Based on previous data, although the SEOM [2] and ESMO [1] guidelines do not directly emphasize adjuvant RT after surgery, and Ray et al [14] highlight the importance of adjuvant RT for certain high-risk groups, we believe that RT with concurrent chemotherapy should be considered as part of the primary treatment approach with surgery, to eradicate local and distant microscopic disease. Although we cannot ascertain the primary site, this entity is essentially an oligometastatic disease. The combined use of surgery plus RT and chemotherapy is the most rational approach at the time of diagnosis. In our case, if CRT had been applied at the initial diagnosis after surgery, a better prognosis might have been achieved. It is possible that our patient could have developed resistance after a recurrence, as the tumor biology may differ from that of the initial tumor structure. Therefore, a combined-modality approach should be considered as the initial strategy for isolated inguinal LN metastasis from SCC of unknown primary cases.
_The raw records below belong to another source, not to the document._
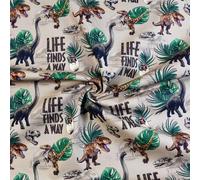 Craft Cotton Company 100% Cotton Jurassic Park Opulent Jungle 110cm Wide Childrens Craft Fabric Material for Quilting, Sewing; Sold in Metre Pre-Cuts (Life Finds a Way)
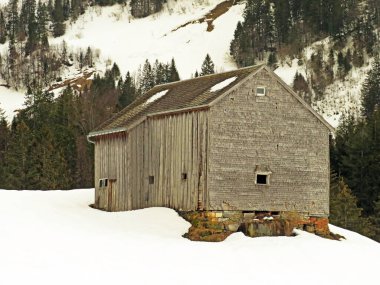 Walen Gölü veya Walenstadt Gölü (Walensee), Amden - İsviçre 'nin St. Gallen Kantonu (Schweiz)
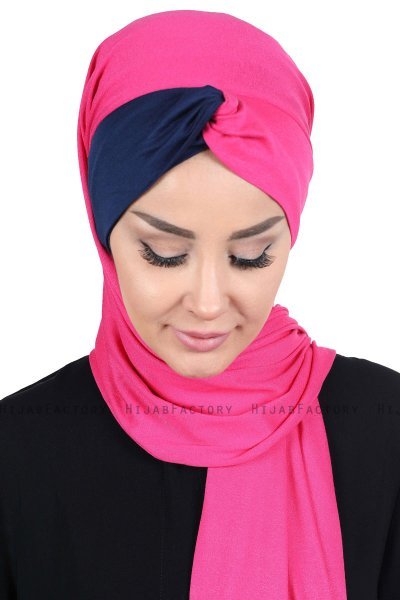 Mikaela - Fuchsia & Marineblå Praktisk Bumull Hijab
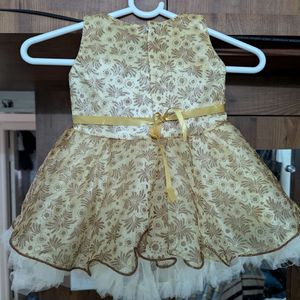 New Gold Color Beautiful Frock Size 6-12month Baby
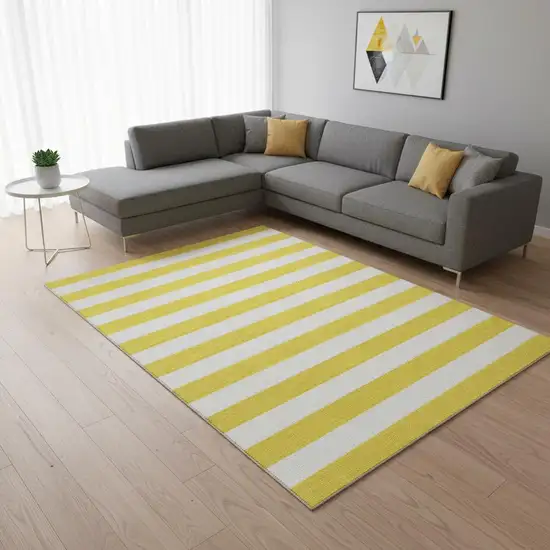 Yellow And Ivory Striped Washable Area Rug With UV Protection Photo 3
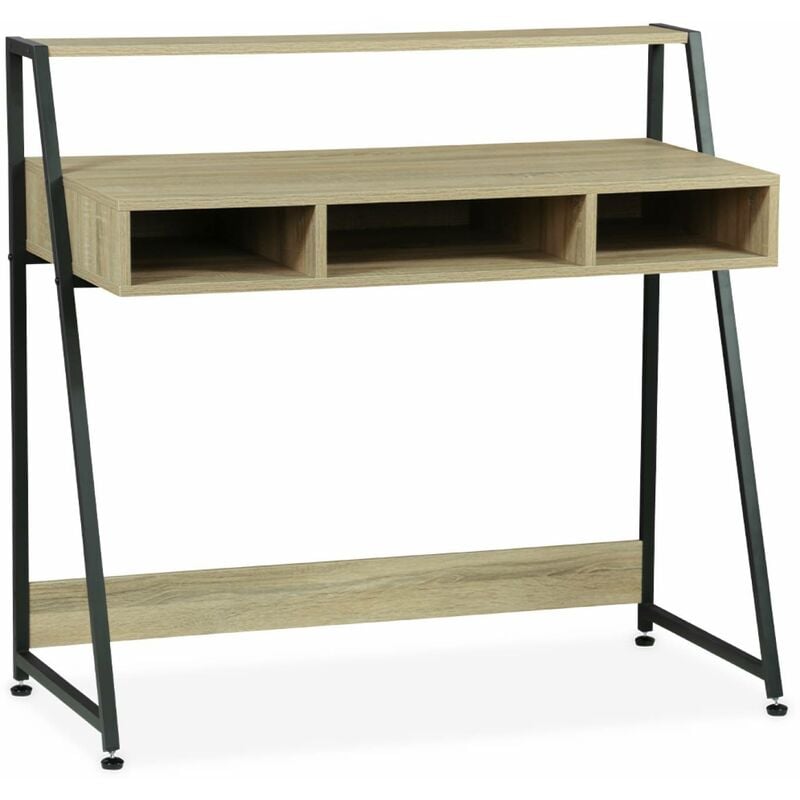 Sweeek - Bureau - loft - 3 casiers de rangement - 1 étagère - décor bois et métal - l 100 x l 48 x h 94.5cm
Defining the RT volume remains a challenging issue. While the pelvic box with pelvic 3D-CRT was commonly used in older cases [20], defining the RT volume has become increasingly important with the advent of IMRT. Publications on volume definition often lack detail. The most common primary tumor sites for inguinal LN metastasis include the skin of the lower extremities, genitals, distal urethra, and anus. These areas should be carefully evaluated when considering treatment. Hammer-Hansen et al [21] described the RT volume dose as targeting the inguinal, pelvic, and anal regions, with a total dose of 64 Gy delivered in 32 fractions. This was combined with 6 cycles of concomitant cisplatin in a male patient diagnosed with poorly differentiated CUP, presenting with right inguinal LN metastasis. In our case, RT volume and dose details were carefully assessed. Despite being classified as a favorable subtype, our case demonstrated a more aggressive course compared to other examples in the literature. The rapid development of lung metastasis in our patient further highlights the crucial role of chemotherapy in controlling microscopic disease. During follow-up, 2 nodular lesions were also detected in the right breast and were identified as metastases. To the best of our knowledge, this finding has not been previously reported. Regrettably, because the patient died, biopsy confirmation could not be obtained.
Conclusions
This case of isolated inguinal LN metastasis from SCC of an unknown primary underscores the unpredictable nature of CUP, even in favorable subtypes. Despite guideline-directed treatment, rapid progression and unique metastatic patterns were observed. These findings suggest that more aggressive first-line treatments, such as adjuvant CRT following surgery, may be necessary to address potential microscopic disease. Reevaluating standard protocols and conducting further research are essential to improve outcomes for similar cases.